[[ Input data, beginning ]]

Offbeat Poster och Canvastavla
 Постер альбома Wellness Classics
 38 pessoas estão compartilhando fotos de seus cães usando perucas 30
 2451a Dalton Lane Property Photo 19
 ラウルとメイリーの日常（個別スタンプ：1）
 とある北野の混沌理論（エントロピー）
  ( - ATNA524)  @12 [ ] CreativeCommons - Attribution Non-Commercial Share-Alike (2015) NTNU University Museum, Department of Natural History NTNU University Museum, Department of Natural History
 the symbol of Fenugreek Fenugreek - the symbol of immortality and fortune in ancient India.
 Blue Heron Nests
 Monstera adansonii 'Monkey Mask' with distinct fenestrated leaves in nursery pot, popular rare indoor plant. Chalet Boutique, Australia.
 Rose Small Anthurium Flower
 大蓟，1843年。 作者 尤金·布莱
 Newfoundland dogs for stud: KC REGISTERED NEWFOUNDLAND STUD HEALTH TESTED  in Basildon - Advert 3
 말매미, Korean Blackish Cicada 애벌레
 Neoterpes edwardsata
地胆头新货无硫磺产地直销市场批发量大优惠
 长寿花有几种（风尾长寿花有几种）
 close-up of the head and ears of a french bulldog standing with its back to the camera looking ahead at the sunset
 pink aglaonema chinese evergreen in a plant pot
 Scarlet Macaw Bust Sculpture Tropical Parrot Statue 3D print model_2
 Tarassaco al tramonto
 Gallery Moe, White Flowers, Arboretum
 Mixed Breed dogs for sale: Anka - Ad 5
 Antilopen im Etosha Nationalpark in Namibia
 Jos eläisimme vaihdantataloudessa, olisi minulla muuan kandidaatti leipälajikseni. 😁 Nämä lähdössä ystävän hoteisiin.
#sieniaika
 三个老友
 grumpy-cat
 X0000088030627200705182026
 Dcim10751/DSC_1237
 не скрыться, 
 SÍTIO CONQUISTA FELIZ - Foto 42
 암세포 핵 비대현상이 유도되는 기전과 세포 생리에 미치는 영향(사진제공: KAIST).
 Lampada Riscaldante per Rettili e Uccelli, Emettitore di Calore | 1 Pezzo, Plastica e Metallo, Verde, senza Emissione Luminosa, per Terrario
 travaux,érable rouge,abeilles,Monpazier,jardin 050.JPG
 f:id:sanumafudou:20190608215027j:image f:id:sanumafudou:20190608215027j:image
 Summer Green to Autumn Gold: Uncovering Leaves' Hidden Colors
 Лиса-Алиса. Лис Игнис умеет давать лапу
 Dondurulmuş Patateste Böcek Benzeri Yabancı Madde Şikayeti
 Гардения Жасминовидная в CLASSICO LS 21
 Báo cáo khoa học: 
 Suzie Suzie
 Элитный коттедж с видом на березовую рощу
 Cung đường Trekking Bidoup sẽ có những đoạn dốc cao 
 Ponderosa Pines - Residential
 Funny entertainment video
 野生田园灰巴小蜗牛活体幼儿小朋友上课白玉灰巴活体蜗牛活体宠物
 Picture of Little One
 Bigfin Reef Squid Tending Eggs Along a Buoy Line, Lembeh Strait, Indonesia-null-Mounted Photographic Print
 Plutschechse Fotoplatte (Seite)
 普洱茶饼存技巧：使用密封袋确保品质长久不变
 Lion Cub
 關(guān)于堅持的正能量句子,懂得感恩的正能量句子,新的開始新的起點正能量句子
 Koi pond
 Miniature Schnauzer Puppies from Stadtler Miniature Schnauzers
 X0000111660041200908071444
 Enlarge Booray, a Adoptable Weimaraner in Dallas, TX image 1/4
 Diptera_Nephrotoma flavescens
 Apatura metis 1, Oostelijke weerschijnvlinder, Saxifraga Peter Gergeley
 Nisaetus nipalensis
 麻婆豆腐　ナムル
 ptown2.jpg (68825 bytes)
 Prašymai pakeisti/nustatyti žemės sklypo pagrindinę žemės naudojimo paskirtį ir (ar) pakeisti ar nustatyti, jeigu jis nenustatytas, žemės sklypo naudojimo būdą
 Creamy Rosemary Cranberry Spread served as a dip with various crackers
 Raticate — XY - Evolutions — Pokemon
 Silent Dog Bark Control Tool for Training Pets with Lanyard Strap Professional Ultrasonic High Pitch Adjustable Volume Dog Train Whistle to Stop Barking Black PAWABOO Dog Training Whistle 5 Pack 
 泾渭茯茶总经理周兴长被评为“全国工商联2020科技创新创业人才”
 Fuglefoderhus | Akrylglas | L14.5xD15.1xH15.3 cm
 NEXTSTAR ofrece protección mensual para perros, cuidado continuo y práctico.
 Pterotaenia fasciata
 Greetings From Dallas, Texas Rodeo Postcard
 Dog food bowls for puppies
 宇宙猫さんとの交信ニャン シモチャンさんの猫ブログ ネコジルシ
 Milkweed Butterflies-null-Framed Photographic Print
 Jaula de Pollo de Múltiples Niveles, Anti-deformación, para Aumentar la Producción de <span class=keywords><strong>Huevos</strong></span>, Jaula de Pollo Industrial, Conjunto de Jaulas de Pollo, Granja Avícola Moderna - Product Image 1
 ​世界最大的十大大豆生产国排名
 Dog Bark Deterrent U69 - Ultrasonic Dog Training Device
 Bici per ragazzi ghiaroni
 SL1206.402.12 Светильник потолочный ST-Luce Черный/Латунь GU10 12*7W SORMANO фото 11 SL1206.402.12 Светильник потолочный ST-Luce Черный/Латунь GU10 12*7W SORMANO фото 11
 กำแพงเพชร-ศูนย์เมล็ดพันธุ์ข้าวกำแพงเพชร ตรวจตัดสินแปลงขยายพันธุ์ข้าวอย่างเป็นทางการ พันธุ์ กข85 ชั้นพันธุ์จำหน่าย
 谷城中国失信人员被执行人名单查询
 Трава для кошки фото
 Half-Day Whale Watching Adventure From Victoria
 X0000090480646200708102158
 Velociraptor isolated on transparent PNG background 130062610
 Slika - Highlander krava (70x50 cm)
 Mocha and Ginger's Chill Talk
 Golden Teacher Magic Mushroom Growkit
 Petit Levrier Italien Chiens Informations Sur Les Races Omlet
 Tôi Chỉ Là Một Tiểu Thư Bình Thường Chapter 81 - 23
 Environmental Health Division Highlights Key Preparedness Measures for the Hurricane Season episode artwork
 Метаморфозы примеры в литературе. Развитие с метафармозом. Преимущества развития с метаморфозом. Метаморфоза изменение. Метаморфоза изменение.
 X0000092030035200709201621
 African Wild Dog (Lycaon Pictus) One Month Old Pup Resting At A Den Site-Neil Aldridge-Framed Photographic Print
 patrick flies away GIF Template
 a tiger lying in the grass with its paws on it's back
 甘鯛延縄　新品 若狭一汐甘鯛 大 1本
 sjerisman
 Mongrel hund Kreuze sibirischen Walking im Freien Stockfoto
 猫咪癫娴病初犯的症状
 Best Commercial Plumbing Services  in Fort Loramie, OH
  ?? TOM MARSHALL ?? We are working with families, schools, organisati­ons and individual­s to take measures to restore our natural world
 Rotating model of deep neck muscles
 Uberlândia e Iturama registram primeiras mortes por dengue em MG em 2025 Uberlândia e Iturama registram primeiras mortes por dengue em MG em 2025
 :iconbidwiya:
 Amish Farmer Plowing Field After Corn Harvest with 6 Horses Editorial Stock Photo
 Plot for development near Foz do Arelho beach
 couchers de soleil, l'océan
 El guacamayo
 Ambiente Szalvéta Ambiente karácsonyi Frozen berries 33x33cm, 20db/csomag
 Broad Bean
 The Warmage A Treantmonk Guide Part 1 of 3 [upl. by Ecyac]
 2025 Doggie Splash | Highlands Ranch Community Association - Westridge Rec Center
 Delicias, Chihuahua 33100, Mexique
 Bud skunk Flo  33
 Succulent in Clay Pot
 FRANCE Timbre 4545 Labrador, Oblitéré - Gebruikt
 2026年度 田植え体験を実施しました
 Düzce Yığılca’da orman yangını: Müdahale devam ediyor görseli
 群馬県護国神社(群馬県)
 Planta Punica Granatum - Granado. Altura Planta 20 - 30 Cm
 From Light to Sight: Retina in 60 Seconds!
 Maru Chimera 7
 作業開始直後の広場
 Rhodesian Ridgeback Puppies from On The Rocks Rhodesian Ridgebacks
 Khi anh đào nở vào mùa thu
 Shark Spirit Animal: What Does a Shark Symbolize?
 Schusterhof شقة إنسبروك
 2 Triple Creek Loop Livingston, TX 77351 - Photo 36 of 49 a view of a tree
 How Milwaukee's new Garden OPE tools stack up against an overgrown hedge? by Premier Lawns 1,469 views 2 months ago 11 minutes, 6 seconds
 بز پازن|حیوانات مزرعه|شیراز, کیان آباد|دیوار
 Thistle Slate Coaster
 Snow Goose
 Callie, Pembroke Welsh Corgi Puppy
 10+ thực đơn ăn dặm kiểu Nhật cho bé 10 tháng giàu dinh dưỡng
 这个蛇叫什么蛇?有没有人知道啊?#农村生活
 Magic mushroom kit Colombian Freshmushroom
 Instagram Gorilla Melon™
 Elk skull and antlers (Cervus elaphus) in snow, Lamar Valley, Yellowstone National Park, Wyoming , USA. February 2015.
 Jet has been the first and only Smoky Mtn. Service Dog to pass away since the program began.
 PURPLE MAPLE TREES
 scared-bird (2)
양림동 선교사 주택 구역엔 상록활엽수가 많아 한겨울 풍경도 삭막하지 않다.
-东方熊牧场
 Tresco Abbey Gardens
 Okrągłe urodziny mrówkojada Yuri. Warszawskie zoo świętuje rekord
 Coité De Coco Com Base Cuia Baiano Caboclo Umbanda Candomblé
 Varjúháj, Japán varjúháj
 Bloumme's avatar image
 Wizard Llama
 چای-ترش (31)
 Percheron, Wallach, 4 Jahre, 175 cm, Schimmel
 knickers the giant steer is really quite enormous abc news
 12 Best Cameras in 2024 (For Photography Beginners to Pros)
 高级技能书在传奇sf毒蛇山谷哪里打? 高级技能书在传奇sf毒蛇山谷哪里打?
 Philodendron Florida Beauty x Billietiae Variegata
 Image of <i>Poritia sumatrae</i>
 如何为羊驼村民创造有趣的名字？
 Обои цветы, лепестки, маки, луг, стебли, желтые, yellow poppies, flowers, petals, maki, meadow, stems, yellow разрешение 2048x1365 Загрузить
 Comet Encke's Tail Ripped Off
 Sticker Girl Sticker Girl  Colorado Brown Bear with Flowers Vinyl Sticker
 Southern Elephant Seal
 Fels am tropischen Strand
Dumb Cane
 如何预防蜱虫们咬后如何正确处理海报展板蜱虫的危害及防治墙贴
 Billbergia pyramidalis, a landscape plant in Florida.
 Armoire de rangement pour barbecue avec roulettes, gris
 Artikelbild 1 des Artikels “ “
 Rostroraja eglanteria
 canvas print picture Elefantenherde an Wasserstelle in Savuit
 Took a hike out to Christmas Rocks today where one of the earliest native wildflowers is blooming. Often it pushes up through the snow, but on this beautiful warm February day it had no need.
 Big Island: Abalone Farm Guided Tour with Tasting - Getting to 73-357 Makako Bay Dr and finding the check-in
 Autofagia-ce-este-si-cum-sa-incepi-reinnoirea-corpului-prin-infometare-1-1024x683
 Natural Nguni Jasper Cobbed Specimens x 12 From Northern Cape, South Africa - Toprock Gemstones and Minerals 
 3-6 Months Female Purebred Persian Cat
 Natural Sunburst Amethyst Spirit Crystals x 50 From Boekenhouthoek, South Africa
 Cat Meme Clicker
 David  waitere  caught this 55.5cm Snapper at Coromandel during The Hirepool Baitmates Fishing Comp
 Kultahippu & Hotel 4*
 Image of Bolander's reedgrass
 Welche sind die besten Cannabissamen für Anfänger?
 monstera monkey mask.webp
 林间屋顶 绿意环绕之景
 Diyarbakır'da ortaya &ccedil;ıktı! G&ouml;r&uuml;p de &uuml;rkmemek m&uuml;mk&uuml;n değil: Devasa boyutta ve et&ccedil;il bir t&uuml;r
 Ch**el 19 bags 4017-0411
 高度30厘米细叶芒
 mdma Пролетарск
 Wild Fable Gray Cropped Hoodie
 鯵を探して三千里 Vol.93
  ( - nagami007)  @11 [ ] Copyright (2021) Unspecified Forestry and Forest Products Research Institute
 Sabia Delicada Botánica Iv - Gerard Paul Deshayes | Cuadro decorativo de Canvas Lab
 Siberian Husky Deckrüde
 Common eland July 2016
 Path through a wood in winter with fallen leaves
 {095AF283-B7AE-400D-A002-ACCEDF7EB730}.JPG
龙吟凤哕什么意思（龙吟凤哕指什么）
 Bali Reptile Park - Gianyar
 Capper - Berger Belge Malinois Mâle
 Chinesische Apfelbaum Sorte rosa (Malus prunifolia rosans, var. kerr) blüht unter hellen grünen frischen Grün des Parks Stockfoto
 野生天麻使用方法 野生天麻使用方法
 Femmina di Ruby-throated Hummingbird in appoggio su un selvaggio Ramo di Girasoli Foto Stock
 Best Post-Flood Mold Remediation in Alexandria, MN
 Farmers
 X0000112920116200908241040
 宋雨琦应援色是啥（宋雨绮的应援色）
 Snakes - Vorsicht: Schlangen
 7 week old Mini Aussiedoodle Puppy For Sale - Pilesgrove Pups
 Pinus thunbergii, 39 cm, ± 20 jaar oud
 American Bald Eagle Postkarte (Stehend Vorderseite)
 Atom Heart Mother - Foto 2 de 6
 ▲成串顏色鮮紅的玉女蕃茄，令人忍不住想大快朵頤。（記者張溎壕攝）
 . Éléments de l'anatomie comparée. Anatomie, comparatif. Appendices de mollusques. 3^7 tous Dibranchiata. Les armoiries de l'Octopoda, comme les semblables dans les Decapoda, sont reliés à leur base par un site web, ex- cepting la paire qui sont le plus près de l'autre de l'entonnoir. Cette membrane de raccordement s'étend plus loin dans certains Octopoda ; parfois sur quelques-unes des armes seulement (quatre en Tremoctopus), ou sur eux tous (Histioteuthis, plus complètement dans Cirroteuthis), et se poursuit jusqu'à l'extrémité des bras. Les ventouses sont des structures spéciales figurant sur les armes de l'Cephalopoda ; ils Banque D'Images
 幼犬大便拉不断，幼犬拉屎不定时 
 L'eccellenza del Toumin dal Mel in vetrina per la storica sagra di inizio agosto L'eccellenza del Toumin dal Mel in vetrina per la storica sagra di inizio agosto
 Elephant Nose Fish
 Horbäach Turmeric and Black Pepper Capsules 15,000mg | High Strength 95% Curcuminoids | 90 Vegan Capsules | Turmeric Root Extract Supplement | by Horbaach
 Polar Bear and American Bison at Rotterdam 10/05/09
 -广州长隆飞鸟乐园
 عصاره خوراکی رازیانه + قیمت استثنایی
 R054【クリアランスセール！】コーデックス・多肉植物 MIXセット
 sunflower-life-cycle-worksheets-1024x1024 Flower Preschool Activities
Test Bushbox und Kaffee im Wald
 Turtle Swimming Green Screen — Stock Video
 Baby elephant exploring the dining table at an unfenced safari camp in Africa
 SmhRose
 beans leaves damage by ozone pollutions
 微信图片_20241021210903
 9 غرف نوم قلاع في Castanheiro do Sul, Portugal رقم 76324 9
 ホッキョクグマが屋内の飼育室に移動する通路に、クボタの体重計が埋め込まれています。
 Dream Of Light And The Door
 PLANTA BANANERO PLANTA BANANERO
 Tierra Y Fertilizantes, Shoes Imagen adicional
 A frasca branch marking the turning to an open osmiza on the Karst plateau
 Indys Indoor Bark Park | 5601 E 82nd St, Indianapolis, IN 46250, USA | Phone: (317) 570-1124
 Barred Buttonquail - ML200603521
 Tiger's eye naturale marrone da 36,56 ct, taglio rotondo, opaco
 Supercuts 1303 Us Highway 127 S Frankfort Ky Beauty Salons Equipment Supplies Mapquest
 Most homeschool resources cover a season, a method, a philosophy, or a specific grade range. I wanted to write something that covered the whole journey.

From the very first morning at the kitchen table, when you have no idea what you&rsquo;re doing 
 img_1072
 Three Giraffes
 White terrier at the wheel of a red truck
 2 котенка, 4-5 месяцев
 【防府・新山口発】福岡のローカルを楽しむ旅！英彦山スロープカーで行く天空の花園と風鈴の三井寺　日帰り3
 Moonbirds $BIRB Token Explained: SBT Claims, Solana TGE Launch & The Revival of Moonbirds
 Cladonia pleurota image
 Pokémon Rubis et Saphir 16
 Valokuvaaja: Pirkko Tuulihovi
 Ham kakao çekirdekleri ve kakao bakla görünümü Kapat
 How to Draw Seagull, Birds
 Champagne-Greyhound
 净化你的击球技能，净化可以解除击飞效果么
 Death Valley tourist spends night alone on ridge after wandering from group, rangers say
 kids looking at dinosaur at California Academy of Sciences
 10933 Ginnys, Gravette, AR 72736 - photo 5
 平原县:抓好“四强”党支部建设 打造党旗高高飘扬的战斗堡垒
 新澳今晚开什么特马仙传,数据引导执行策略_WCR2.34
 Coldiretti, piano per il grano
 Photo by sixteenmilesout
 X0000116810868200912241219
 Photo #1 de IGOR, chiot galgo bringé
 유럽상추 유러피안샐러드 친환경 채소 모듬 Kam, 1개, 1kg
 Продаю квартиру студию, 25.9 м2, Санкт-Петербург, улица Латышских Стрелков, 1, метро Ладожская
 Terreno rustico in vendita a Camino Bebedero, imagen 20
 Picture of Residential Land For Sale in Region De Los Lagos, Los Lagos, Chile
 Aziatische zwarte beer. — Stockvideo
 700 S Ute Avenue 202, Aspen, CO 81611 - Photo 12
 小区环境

[[ Input data, end ]]

■ Work required: When you reach the line containing "Femmina di Ruby-throated" in the data above, start copying exactly, and stop after the line containing "Test Bushbox und Kaffee im Wald".

■ Task result:
 Femmina di Ruby-throated Hummingbird in appoggio su un selvaggio Ramo di Girasoli Foto Stock
 Best Post-Flood Mold Remediation in Alexandria, MN
 Farmers
 X0000112920116200908241040
 宋雨琦应援色是啥（宋雨绮的应援色）
 Snakes - Vorsicht: Schlangen
 7 week old Mini Aussiedoodle Puppy For Sale - Pilesgrove Pups
 Pinus thunbergii, 39 cm, ± 20 jaar oud
 American Bald Eagle Postkarte (Stehend Vorderseite)
 Atom Heart Mother - Foto 2 de 6
 ▲成串顏色鮮紅的玉女蕃茄，令人忍不住想大快朵頤。（記者張溎壕攝）
 . Éléments de l'anatomie comparée. Anatomie, comparatif. Appendices de mollusques. 3^7 tous Dibranchiata. Les armoiries de l'Octopoda, comme les semblables dans les Decapoda, sont reliés à leur base par un site web, ex- cepting la paire qui sont le plus près de l'autre de l'entonnoir. Cette membrane de raccordement s'étend plus loin dans certains Octopoda ; parfois sur quelques-unes des armes seulement (quatre en Tremoctopus), ou sur eux tous (Histioteuthis, plus complètement dans Cirroteuthis), et se poursuit jusqu'à l'extrémité des bras. Les ventouses sont des structures spéciales figurant sur les armes de l'Cephalopoda ; ils Banque D'Images
 幼犬大便拉不断，幼犬拉屎不定时 
 L'eccellenza del Toumin dal Mel in vetrina per la storica sagra di inizio agosto L'eccellenza del Toumin dal Mel in vetrina per la storica sagra di inizio agosto
 Elephant Nose Fish
 Horbäach Turmeric and Black Pepper Capsules 15,000mg | High Strength 95% Curcuminoids | 90 Vegan Capsules | Turmeric Root Extract Supplement | by Horbaach
 Polar Bear and American Bison at Rotterdam 10/05/09
 -广州长隆飞鸟乐园
 عصاره خوراکی رازیانه + قیمت استثنایی
 R054【クリアランスセール！】コーデックス・多肉植物 MIXセット
 sunflower-life-cycle-worksheets-1024x1024 Flower Preschool Activities
Test Bushbox und Kaffee im Wald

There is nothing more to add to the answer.